# Description of the task:
Copy all lines below exactly as written. Leave pictures out.
━━━ Material provided
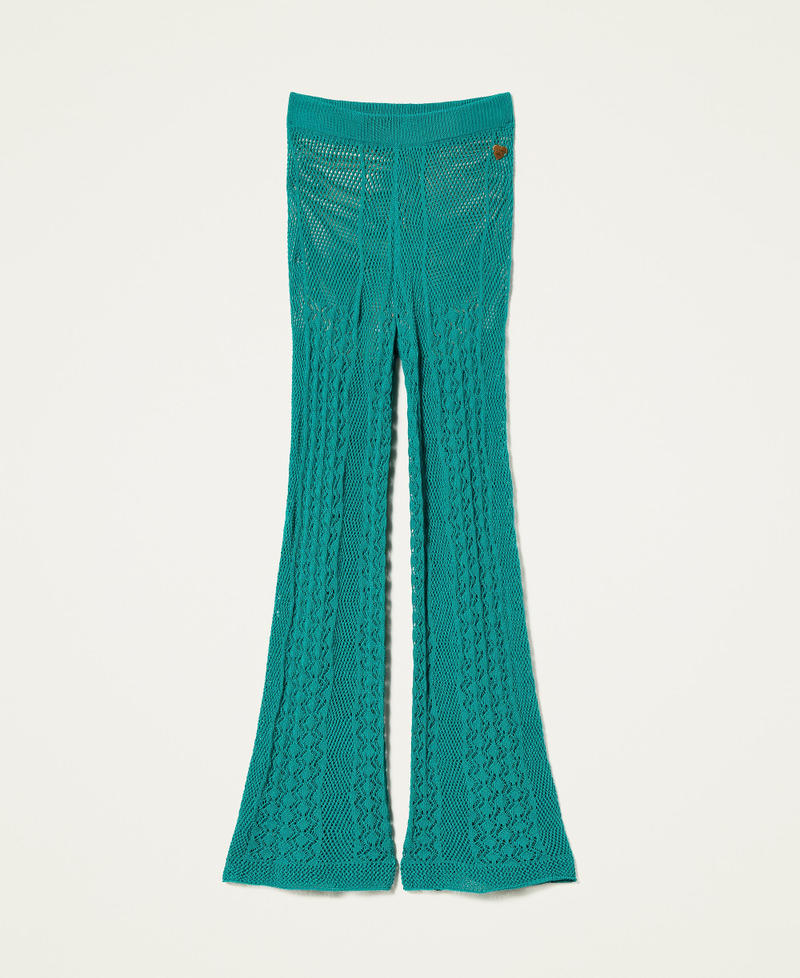 Crochet effect flared trousers Sapphire Green Woman 221LM31HH-0S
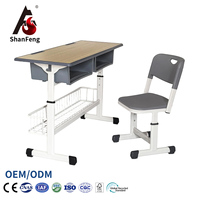 Vente directe d'usine, chaises et tables doubles ergonomiques durables pour salles de classe modernes, mobilier scolaire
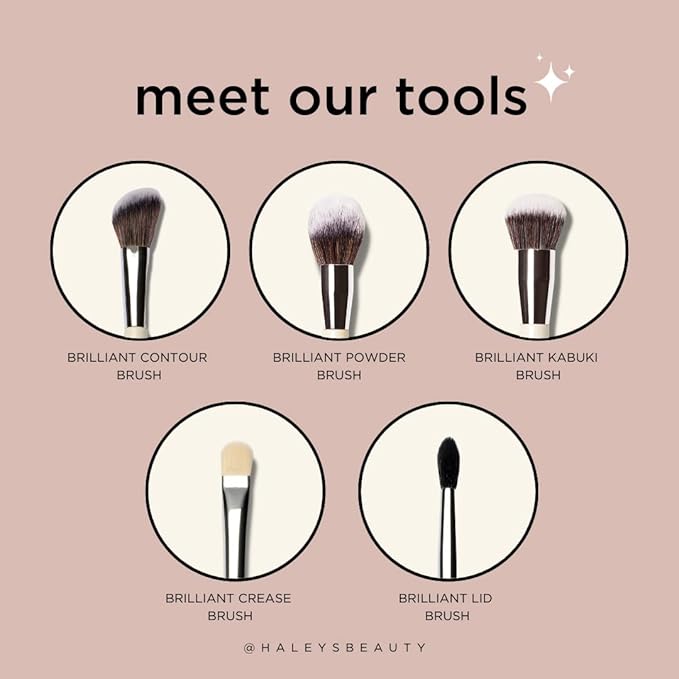 HALEYS Powder Brush VEGAN+CRUELTY-FREE, Soft, Streak-free, Perfect Blending, Buff, Blurs, Smooths, Control, Precision, Complexion tools, For powder, setting powder, blush, Sustainable Wood Handle-GlimoraGlow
━━━━━━
# Output:
 Crochet effect flared trousers Sapphire Green Woman 221LM31HH-0S
 Vente directe d'usine, chaises et tables doubles ergonomiques durables pour salles de classe modernes, mobilier scolaire
 HALEYS Powder Brush VEGAN+CRUELTY-FREE, Soft, Streak-free, Perfect Blending, Buff, Blurs, Smooths, Control, Precision, Complexion tools, For powder, setting powder, blush, Sustainable Wood Handle-GlimoraGlow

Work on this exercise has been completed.